By David Milliken
LONDON (Reuters) – British wage growth is being pushed down by low headline inflation, but could bounce back fast once prices start to rise more quickly, Bank of England policymaker Ian McCafferty said on Wednesday.
McCafferty stopped voting to raise interest rates in February and rejoined the consensus on the Monetary Policy Committee, as wage growth no longer looked likely to accelerate as fast as he had expected.
In a speech at the central bank on Wednesday, he said he expected to vote again for higher interest rates at some stage, but could not say when as “uncertainty surrounding the evolution of the economy over the coming months is particularly acute”.
Britons vote in June on whether to leave the European Union, and most polls show only a small lead for the “Remain” camp.
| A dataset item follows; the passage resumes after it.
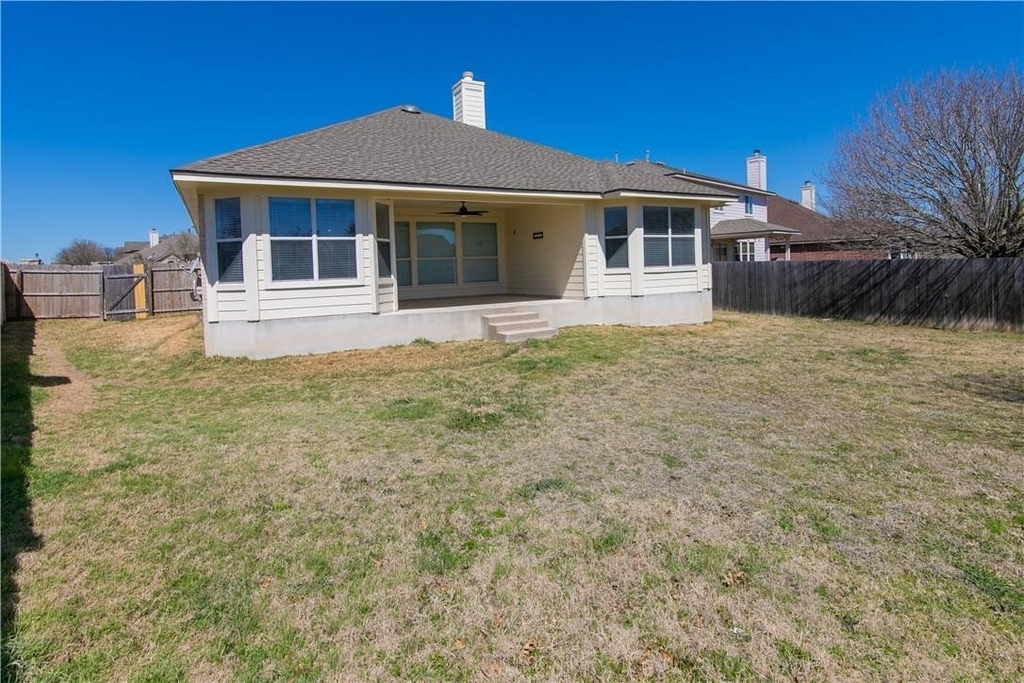 20201 Mustang Island Cir - Photo 15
“Very recently there have been some signs that increased uncertainty linked to the outcome of the EU referendum … may weigh on investment in coming months, such that we may see a slight softening in GDP growth through the summer,” McCafferty said.
BoE Governor Mark Carney said on Tuesday that foreign investment in British commercial real estate had ground to a halt in recent months due to concerns about a possible Brexit.
The main focus of McCafferty’s speech was the role low inflation was playing in ensuring keeping down growth in wages, which he described as “disappointingly weak”.
British consumer price inflation averaged zero last year, its lowest on record, and only crept up to 0.5 percent in March, far below the BoE’s 2 percent target.
McCafferty said that firms he had spoken with had said that they were using current inflation rates as a starting point for wage bargaining, as they were unable to raise prices.
This process should go into reverse once last year’s fall in oil prices stopped weighing down on inflation, he said.
“A pick-up in price inflation should lead to a correspondingly faster bounce in wage growth,” McCafferty said.
“Although the point at which this wage acceleration should begin has been pushed out by the changes in our forecasts for price inflation …. it still poses a risk of an inflation overshoot in the third year of our forecast,” he added.